Fino al secolo scorso le piante venivano tagliate soprattutto per ottenere legna
da ardere e materiale da costruzioni; si sceglievano gli alberi più idonei e non si arrecavano eccessivi danni alla vegetazione. Oggi, invece, centinaia di kilometri quadrati di foreste scompaiono ogni anno per favorire sia l'allenamento dei bovini, la cui carne è sempre più richiesta, sia l'agricoltura intensiva di monocolture, come la soia; se queste attività continueranno a espandersi con il ritmo attuale, nel 2050 sarà distrutto il 40% della foresta amazzonica.
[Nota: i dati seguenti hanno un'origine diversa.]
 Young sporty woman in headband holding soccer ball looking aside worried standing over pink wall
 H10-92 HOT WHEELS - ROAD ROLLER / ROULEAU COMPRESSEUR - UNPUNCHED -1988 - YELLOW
La distruzione delle foreste avviene anche per la costruzione di nuove strade: per esempio, per realizzare l'autostrada transamazzonica (lunga 5000km) è stata disboscata una fascia di 6 km su entrambi i lati del percorso, con un pesante impatto non solo ecologico, ma anche antropologico sulle popolazioni indigene che sono state allontanate, o persino eliminate, in quanto ritenute di ostacolo allo sviluppo economico che l'autostrada comportava.
Nelle foreste tropicali praticamente tutte le sostanze minerali sono trattenute all'interno degli organismi viventi dell'ecosistema e non rimangono nel suolo, neanche per brevi periodi di tempo. Per questo, quando la foresta viene tagliata o bruciata per creare campi coltivabili, il suolo perde rapidamente le sostanze nutritive e spesso, dopo un primo e un secondo raccolto, è impossibile ottenerne altri se non con massicce concimazioni chimiche. Di conseguenza, è economicamente più vantaggioso distruggere altri pezzi di foreste piuttosto che cercare di sfruttare i tetrrebi ormai impoveriti; in tal modo, però, la deforestazione avanzata, lasciandosi alle spalle i territori sfruttati. Oltre che in Brasile, sono in corso grossi interventi di deforestazione anche in Colombia, Cina, Congo, India, Nigeria e Messico, nazioni che sono interessate da gran parte del disboscameto mondiale.